A violation by any person of this Act, any rule or regulation of the Commission issued under this Act, or any rule of the Board shall be treated for all purposes in the same manner as a violation of the Securities Exchange Act of 1934 (15 U.S.C. 78a et seq.) or the rules and regulations issued thereunder, consistent with the provisions of this Act, and any such person shall be subject to the same penalties, and to the same extent, as for a violation of that Act or such rules or regulations.

So a violation of Section 806 of SOX “shall be treated for all purposes in the same manner as a violation of the Securities Exchange Act of 1934 (15 U.S.C. 78a et seq.)” Therefore, section 20(a) of the Exchange Act – joint and several liability – applies to a violation of Section 806 of SOX. Therefore, the parent and subsidiary are jointly and severally liable under 20(a) of the Exchange Act for a violation of section 806 of SOX.

F. A subsidiary of a publicly traded parent is part of the § 12 registration of the parent.

A security registered under Section 12 “shall” contain in the registration statement:

“(b)(1) Such information, in such detail, as to the issuer and any person directly or indirectly controlling or controlled by, or under direct or indirect common control with, the issuer, and any guarantor of the security as to principal or interest or both, as the Commission may by rules and regulations require, as necessary or appropriate in the public interest or for the protection of investors, in respect of the following...” [Emphasis added.]

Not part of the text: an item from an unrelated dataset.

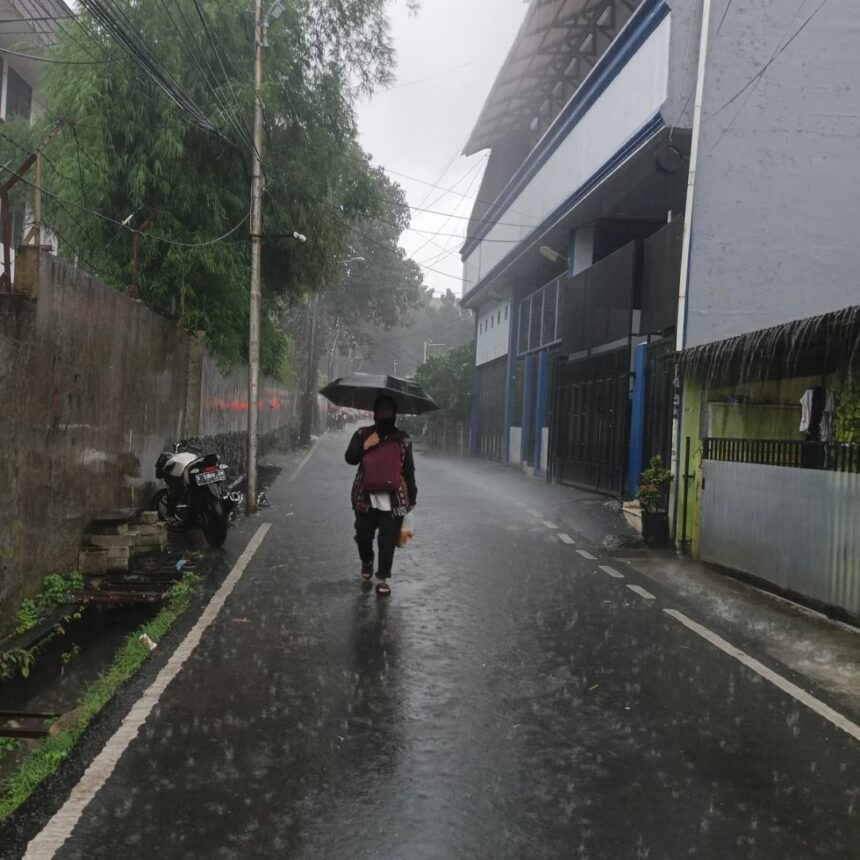 Pessoa caminha sob chuva intensa em área alagada, representando riscos à saúde durante o período chuvoso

This means subsidiaries, directly or indirectly controlled, are included in the registration of the issuer. And what directly follows is “(b)(1)(A) the organization, financial structure, and nature of the business…” which, again, includes subsidiaries, directly or indirectly controlled, as per 12(b)(1) above. Section 12(b)(1)(D) contains the same language with respect information on: “the directors, officers, and underwriters, and each security holder of record holding more than 10 per centum of any class of any equity security of the issuer (other than an exempted security), their remuneration and their interests in the securities of, and their material contracts with the issuer and any person directly or indirectly controlling or controlled by, or under direct or indirect common control with, the issuer.”

Section 12(b)(2) requires:

“Such copies of articles of incorporation, bylaws, trust indentures, or corresponding documents by whatever name known, underwriting arrangements, and other similar documents of, and voting trust agreements with respect to, the issuer and any person directly or indirectly controlling or controlled by, or under direct or indirect common control with, the issuer as the Commission may require as necessary or appropriate for the proper protection of investors and to insure fair dealing in the security.”

Thus, subsidiaries (persons controlled by the issuer) are clearly included in the registration requirements under section 12 of the Securities Exchange Act of 1934 (15 U.S.C. 78l) and are subject to Section 806 of SOX. Judge Levin held that “responsibility for compliance with Sarbanes-Oxley reforms rests directly with the publicly traded corporate parent that files the reports.” Walters, p. 19. Similarly, the decision in Morefield v. Exelon, 2004-SOX-00002 (ALJ, Jan. 28, 2004), cogently reasoned as follows:

Nothing in the structure, language, or purpose of Sarbanes-Oxley, however, suggests that Congress viewed the publicly traded entity as a free-floating corporate apex. To the contrary, when the value and performance of the publicly traded company is based, in part, on the value and performance of the component entities within its organization, the statute ensures not only that those entities are subject to internal controls applicable throughout the corporate structure, but that they are also subject to the oversight responsibility of the audit committee. A publicly traded corporation is, for Sarbanes-Oxley purposes, the sum of its constituent units; and Congress insisted upon accuracy and integrity in financial reporting at all levels of the corporate structure, including the non-publicly traded subsidiaries. In this context, the law recognizes as an obstacle no internal corporate barriers to the remedies Congress deemed necessary. It imposed reforms upon the publicly traded company and, through it, to its entire corporate organization. Morefield Order at 3.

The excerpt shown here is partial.